Het is vandaag ook al twintig jaar geleden dat David Edward Sutch, also known as 3rd Earl of Harrow, despite having no connection with the peerage, or simply Screaming Lord Sutch, committed suicide by hanging, following the death of his mother the previous year. At the inquest, his fiancée Cynthia Payne said he had “manic depression”. Sutch is buried beside his mother in the cemetery in Pinner, North London. He was survived by a son, Tristan Lord Gwynne Sutch, born in 1975 to American model Thann Rendessy (one of the girls in the picture, taken in 1972, een jaar later dan toen ik de groep aan het werk had gezien in Hastings voor een welhaast lege zaal).
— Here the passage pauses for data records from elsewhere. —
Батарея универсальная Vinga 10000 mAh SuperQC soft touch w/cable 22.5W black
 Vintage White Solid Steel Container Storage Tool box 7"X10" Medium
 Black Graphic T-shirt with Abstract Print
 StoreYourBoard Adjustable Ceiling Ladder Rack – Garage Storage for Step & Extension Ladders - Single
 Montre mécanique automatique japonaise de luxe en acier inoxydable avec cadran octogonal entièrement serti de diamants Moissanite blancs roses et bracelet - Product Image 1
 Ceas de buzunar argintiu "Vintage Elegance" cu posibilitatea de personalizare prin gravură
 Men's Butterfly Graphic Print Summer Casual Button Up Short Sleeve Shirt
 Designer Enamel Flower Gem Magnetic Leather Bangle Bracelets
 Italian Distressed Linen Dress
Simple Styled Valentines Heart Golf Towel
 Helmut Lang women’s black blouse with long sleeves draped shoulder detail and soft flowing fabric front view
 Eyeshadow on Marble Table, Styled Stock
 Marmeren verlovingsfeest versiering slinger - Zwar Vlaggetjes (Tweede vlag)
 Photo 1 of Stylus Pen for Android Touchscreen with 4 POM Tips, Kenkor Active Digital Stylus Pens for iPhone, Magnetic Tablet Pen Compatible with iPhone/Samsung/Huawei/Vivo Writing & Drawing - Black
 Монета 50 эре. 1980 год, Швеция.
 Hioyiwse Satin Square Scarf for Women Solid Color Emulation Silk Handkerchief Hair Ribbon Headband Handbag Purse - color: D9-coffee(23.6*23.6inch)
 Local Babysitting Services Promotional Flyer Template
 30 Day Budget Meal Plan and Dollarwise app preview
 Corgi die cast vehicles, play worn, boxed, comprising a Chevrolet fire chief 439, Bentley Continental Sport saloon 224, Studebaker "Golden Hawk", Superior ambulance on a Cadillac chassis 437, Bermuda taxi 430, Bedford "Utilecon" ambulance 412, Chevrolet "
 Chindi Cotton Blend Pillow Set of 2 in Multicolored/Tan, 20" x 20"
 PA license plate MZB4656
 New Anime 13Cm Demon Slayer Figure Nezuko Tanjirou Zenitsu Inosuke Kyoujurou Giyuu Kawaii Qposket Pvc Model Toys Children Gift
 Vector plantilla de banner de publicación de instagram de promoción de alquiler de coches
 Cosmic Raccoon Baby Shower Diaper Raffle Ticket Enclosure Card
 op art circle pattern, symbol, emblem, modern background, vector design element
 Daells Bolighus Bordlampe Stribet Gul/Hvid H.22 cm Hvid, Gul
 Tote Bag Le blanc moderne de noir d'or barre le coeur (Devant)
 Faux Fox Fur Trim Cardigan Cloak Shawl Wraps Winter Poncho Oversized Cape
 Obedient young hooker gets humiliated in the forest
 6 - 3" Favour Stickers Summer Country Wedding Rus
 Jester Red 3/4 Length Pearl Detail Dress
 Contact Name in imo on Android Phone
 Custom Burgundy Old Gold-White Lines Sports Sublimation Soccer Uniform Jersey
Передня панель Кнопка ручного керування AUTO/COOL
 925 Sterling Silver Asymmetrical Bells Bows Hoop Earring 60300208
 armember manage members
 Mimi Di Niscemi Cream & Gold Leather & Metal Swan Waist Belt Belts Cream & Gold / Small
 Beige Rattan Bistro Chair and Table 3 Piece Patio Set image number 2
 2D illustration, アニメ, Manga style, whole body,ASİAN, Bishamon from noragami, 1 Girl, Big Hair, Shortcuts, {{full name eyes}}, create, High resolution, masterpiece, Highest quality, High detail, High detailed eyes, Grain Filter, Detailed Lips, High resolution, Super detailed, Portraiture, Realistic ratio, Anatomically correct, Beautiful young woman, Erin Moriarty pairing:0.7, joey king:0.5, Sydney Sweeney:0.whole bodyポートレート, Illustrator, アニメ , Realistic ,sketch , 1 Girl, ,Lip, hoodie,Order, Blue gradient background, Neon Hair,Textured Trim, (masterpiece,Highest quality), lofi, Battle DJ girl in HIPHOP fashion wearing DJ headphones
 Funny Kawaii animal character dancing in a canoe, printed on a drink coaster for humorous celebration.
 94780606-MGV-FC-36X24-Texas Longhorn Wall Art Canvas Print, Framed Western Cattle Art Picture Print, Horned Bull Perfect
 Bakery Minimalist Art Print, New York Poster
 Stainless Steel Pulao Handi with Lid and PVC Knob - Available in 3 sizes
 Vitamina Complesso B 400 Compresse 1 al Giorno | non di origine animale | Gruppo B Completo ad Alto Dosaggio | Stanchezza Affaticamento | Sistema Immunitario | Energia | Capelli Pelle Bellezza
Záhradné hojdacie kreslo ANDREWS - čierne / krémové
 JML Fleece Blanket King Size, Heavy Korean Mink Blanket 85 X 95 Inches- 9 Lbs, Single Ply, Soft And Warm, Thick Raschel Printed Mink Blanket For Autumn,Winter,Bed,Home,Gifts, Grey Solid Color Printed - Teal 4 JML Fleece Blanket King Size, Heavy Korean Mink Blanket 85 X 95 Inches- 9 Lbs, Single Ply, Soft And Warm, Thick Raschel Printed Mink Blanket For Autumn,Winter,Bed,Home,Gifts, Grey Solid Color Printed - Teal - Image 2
During the 1960s, Screaming Lord Sutch, inspired by Screamin’ Jay Hawkins (“I put a spell on you”), was known for his horror-themed stage show, dressing as Jack the Ripper (also the title of his greatest hit), pre-dating the shock rock antics of Alice Cooper. Accompanied by his band, the Savages, he started by coming out of a black coffin. As a singer he variously worked with rock-icons like Keith Moon, John Bonham, Noel Redding, Matthew Fisher, Jeff Beck, Jimmy Page, Ritchie Blackmore, Charlie Watts, Nicky Hopkins en de Portugese broertjes Antonio en Fernando Lameirinhas, die in België opgegroeid waren, en daarnaar zouden terugkeren om de J.J.Band (“Move”) te vormen (veel later zou Fernando bij Raymond Van het Groenewoud gaan spelen).
In the 1960s, Sutch stood in parliamentary elections, often as representative of the National Teenage Party. His first was in 1963, when he contested the by-election in Stratford-upon-Avon caused by the resignation of John Profumo. He gained 208 votes. In 1964 he started Radio Sutch, intending to compete with other pirate radio stations such as Radio Caroline. Broadcasts consisted of music and Mandy Rice-Davies (remember Profumo!) reading Lady Chatterley’s Lover. Afterwards he was the founder of the Official Monster Raving Loony Party and served as its leader from 1983 to 1999, during which time he stood in numerous parliamentary elections. He holds the record for losing all 40 elections in which he stood. Still, it was after he polled several hundred votes in Margaret Thatcher’s Finchley constituency in 1983 that the deposit paid by candidates was raised from £150 to £500. This did little to deter Sutch, who increased the number of concerts he performed to pay for campaigns.